Just a few photos of Sweep


----------



## JaimeS (Nov 28, 2011)

What a cutie! I was thinking I would be a bit disappointed if my new WF is a boy but now I'm almost hoping s/he is


----------



## vampiric_conure (Jul 8, 2012)

Take a look at that face! What a handsome boy!


----------



## elliot (Jun 25, 2012)

> What a cutie!
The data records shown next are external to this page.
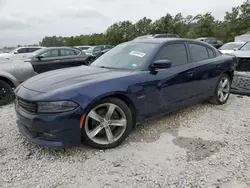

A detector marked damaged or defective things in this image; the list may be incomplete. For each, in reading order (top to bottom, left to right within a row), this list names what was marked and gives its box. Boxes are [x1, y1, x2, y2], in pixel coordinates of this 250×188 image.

damaged vehicle [230, 41, 250, 96]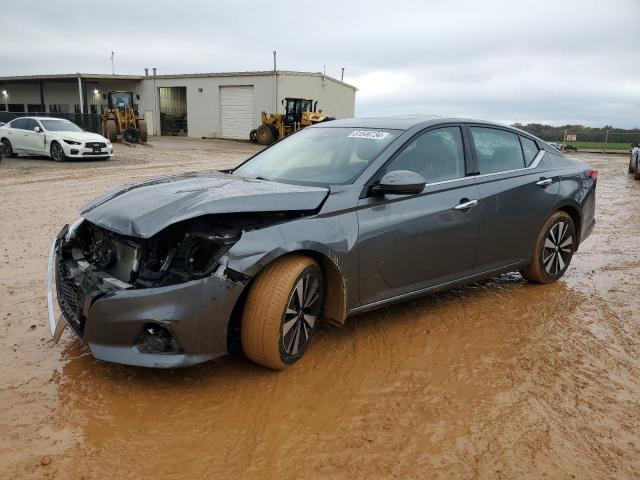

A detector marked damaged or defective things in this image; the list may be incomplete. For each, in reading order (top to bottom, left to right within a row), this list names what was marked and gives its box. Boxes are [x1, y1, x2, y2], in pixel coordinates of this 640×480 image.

detached front bumper [47, 239, 248, 368]
crumpled hood [80, 171, 330, 238]
damaged gray sedan [47, 115, 596, 368]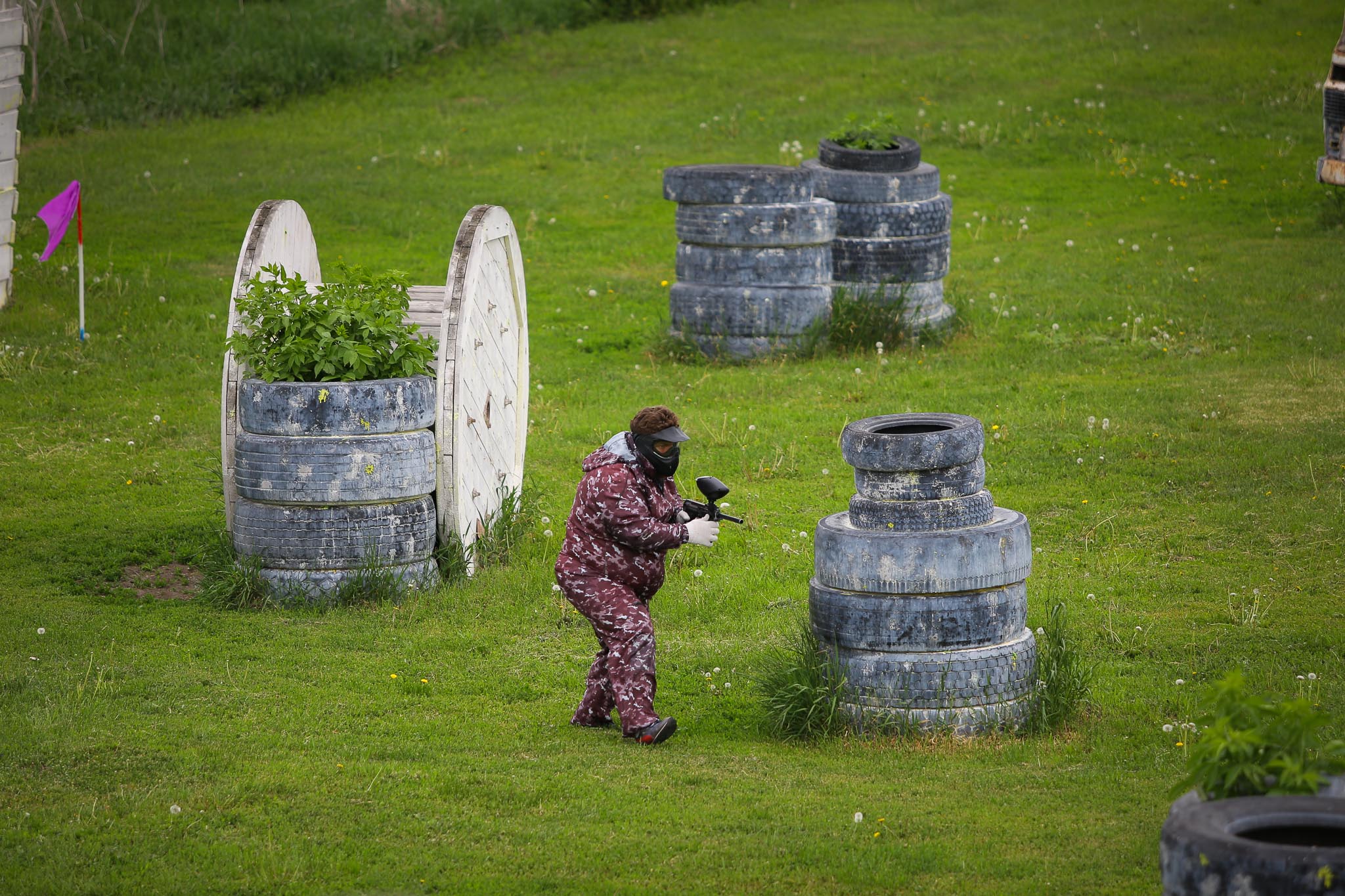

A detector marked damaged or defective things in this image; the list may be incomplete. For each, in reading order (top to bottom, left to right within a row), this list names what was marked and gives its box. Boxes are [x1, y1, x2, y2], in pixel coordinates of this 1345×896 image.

rusty metal vehicle [1318, 13, 1339, 185]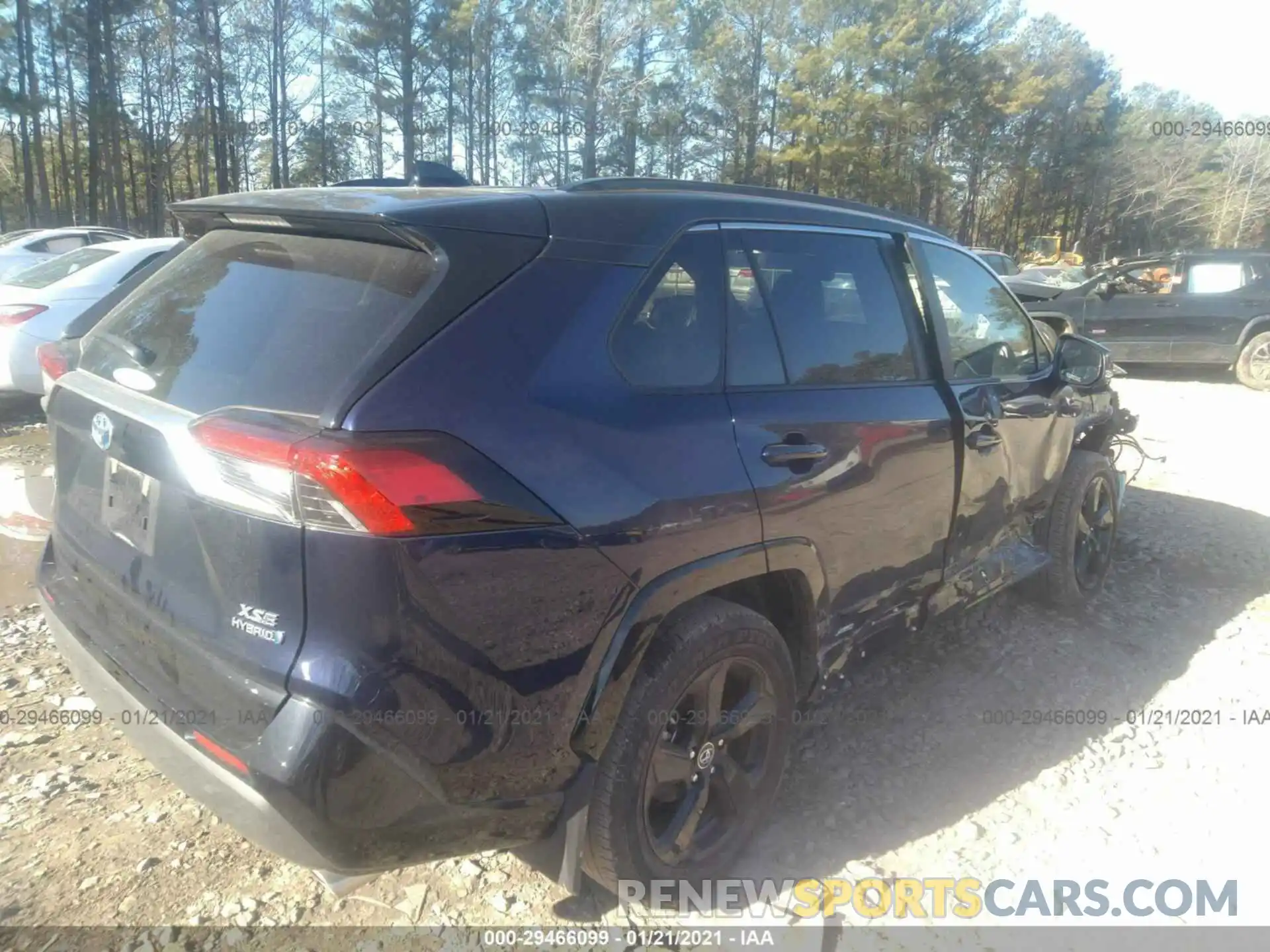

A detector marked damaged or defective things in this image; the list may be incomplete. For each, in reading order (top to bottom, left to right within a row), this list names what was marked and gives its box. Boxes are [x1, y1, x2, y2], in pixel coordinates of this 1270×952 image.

damaged toyota rav4 [34, 180, 1138, 899]
damaged vehicle [37, 178, 1143, 899]
damaged vehicle [1005, 251, 1265, 391]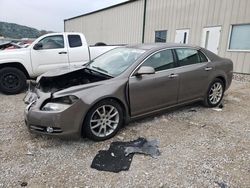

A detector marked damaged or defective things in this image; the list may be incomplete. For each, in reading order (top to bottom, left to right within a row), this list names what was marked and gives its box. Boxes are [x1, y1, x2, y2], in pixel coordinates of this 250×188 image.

detached bumper [23, 89, 87, 138]
broken headlight [41, 95, 78, 111]
crumpled hood [36, 65, 86, 82]
front end damage [23, 67, 112, 137]
damaged sedan [23, 44, 232, 140]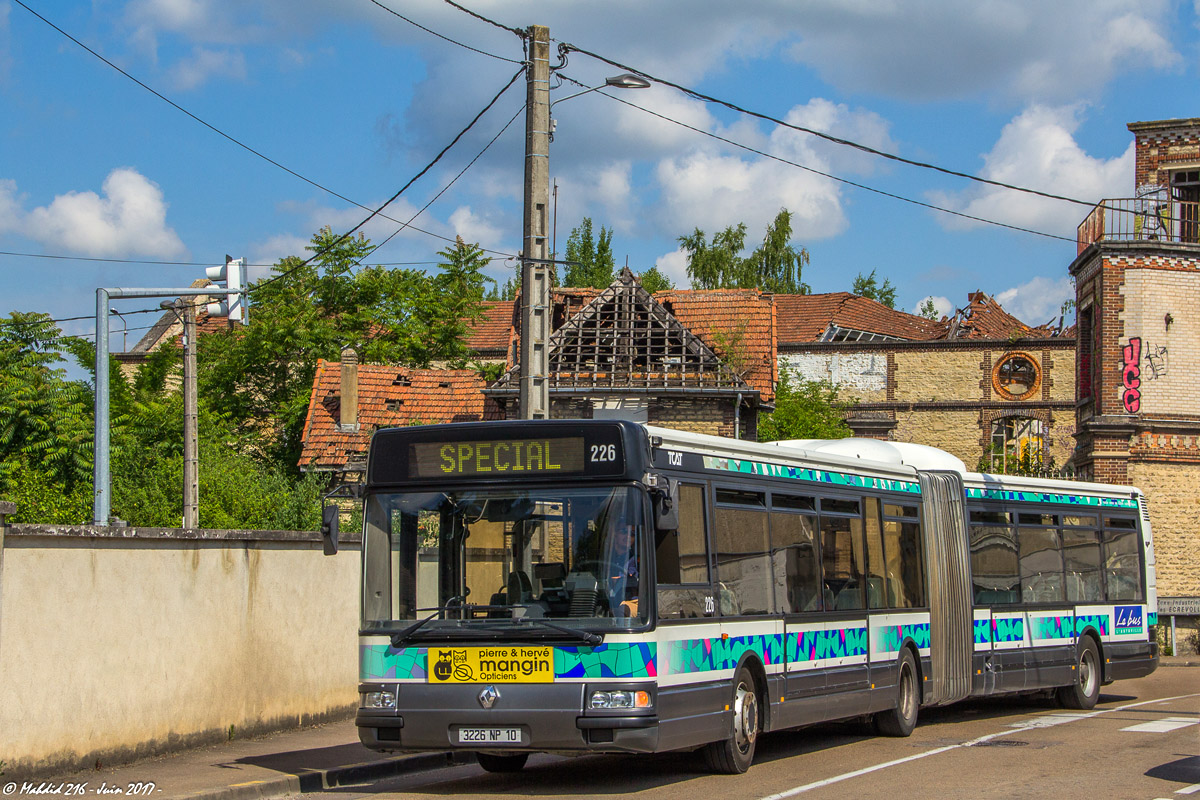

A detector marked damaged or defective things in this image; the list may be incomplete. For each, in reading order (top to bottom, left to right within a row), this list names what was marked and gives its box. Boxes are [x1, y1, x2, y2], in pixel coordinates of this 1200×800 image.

damaged tiled roof [657, 287, 777, 400]
damaged tiled roof [772, 292, 950, 345]
damaged tiled roof [945, 292, 1060, 340]
damaged tiled roof [304, 362, 506, 472]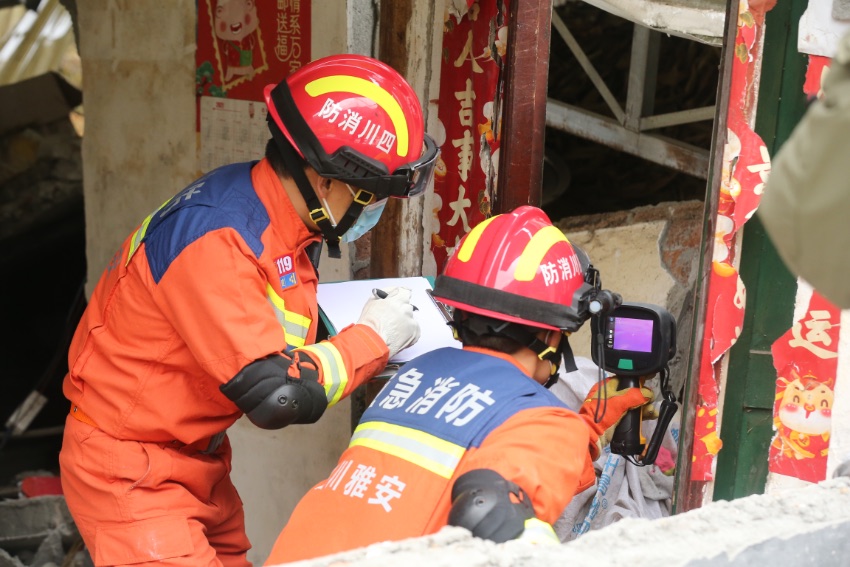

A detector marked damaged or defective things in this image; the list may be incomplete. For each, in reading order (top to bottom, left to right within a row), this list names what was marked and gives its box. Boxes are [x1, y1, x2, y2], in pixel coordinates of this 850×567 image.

broken concrete slab [268, 480, 848, 567]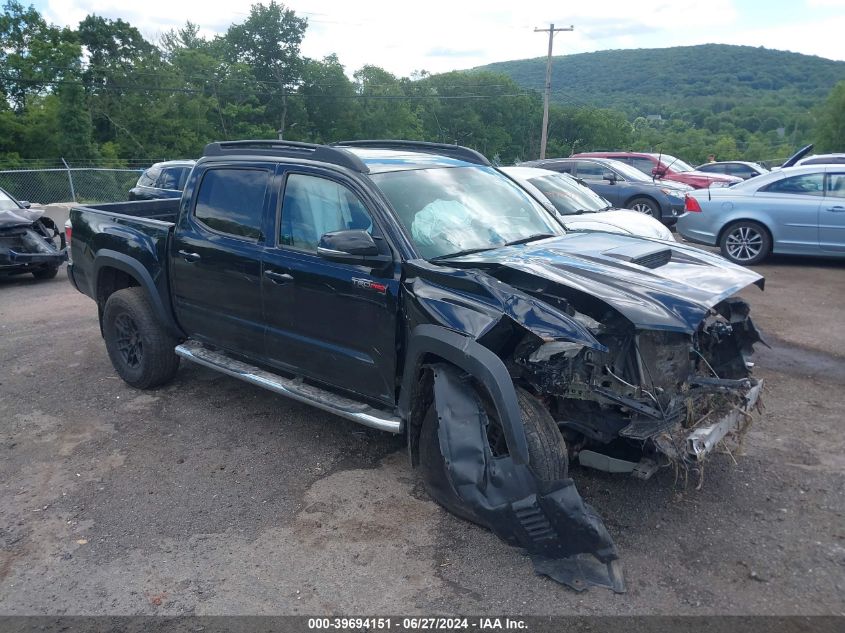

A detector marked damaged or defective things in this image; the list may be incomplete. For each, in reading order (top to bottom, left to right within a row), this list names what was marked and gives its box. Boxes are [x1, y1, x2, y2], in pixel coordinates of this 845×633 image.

damaged black toyota tacoma [66, 139, 764, 592]
crushed fender [432, 362, 624, 592]
dented hood [438, 231, 760, 330]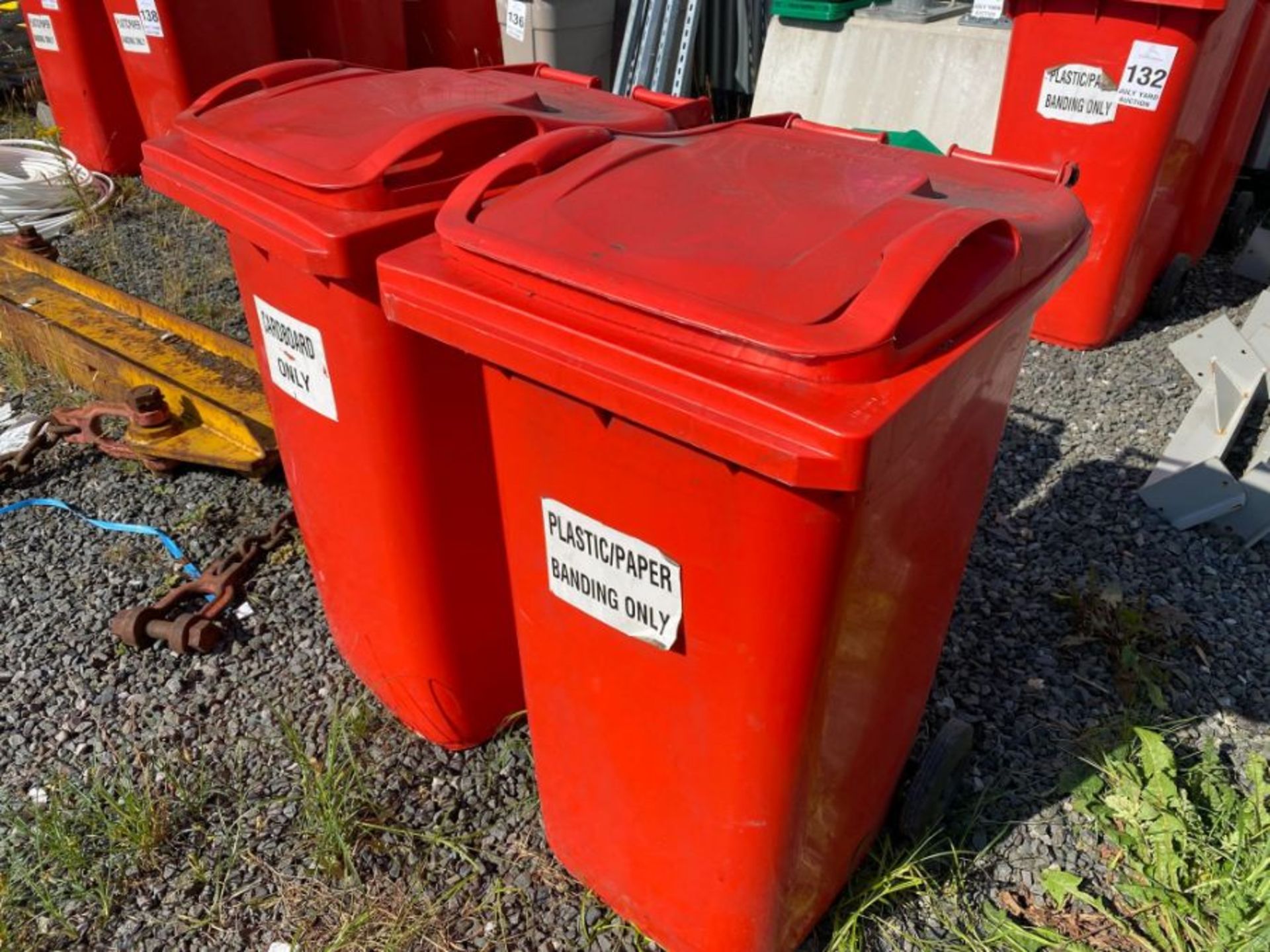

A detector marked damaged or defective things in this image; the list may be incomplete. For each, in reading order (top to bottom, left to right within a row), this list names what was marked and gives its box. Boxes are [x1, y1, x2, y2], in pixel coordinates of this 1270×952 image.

rusty chain [109, 508, 297, 654]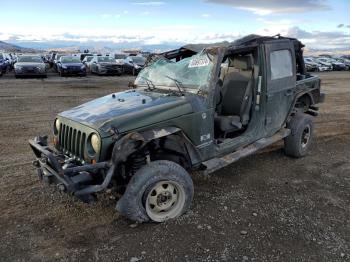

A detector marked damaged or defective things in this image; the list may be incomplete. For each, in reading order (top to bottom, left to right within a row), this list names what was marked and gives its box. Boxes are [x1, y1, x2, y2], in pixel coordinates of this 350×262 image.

shattered windshield [135, 50, 215, 92]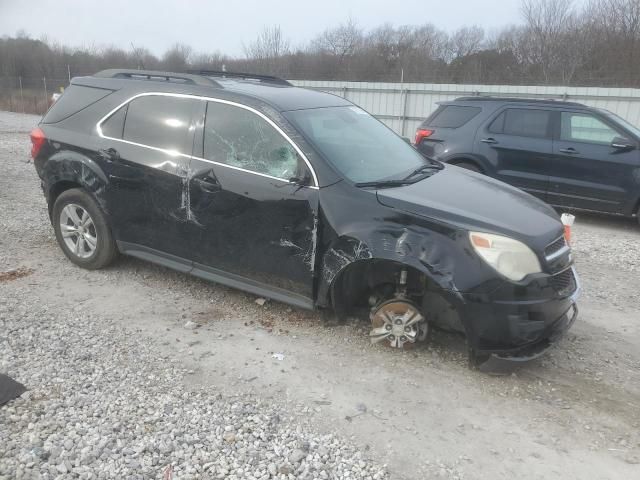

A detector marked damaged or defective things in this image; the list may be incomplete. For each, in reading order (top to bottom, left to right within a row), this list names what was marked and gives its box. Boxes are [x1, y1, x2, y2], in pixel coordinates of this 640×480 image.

shattered windshield [284, 105, 430, 184]
damaged black suv [30, 69, 580, 364]
exposed wheel hub [368, 300, 428, 348]
damaged front bumper [460, 268, 580, 362]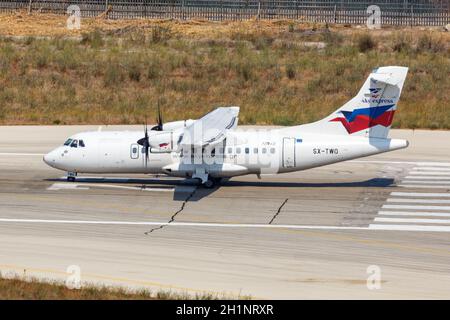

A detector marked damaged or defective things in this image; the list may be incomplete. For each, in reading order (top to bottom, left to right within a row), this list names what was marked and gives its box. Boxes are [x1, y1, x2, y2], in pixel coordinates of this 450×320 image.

crack in pavement [144, 186, 197, 234]
crack in pavement [268, 198, 288, 225]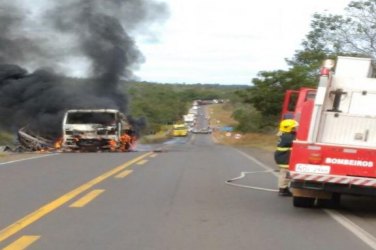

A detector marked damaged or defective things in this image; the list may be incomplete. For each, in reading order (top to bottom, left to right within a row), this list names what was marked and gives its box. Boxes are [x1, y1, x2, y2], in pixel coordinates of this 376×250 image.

burnt truck cab [62, 109, 132, 151]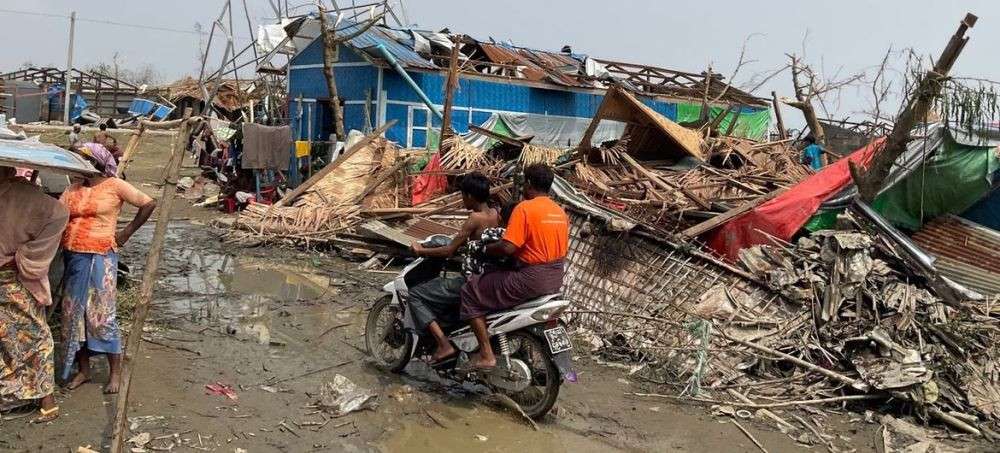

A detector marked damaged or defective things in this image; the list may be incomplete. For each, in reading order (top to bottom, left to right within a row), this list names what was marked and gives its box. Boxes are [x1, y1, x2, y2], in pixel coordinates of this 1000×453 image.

I was thinking I would be a bit disappointed if my new WF is a boy but now I'm almost hoping s/he is


I quite like the normal white faced males, they're quite hansome little birds


----------



## Philiko (May 16, 2012)

Aww, he is gorgeous.  I love the second photo of them eating.


----------



## MeanneyFids (Aug 24, 2010)

he is too cute!!


----------



## WendyBeoBuddy (Dec 12, 2011)

He's beautiful! i love white face cockatiels! they always look so majestic!!


----------



## srtiels (May 1, 2009)

He is a very handsome fella


----------



## sunnysmom (Sep 23, 2011)

He is very cute!


----------



## stevechurch2222 (Sep 25, 2011)

Sweep is a very handsome white face male,enjoyed all the pictures.


----------



## sfort (Jul 1, 2012)

He looks great ! I guess I know what kind I have now !


----------



## nassrah (Feb 27, 2012)

sweep is such a cutie X x


----------



## Stahhhscream (Jul 14, 2012)

So adorable!!


----------



## elliot (Jun 25, 2012)

Thanks for everyone's comments, I'll pass them onto Sweep


----------



## meaggiedear (Nov 20, 2011)

He is adorable.


----------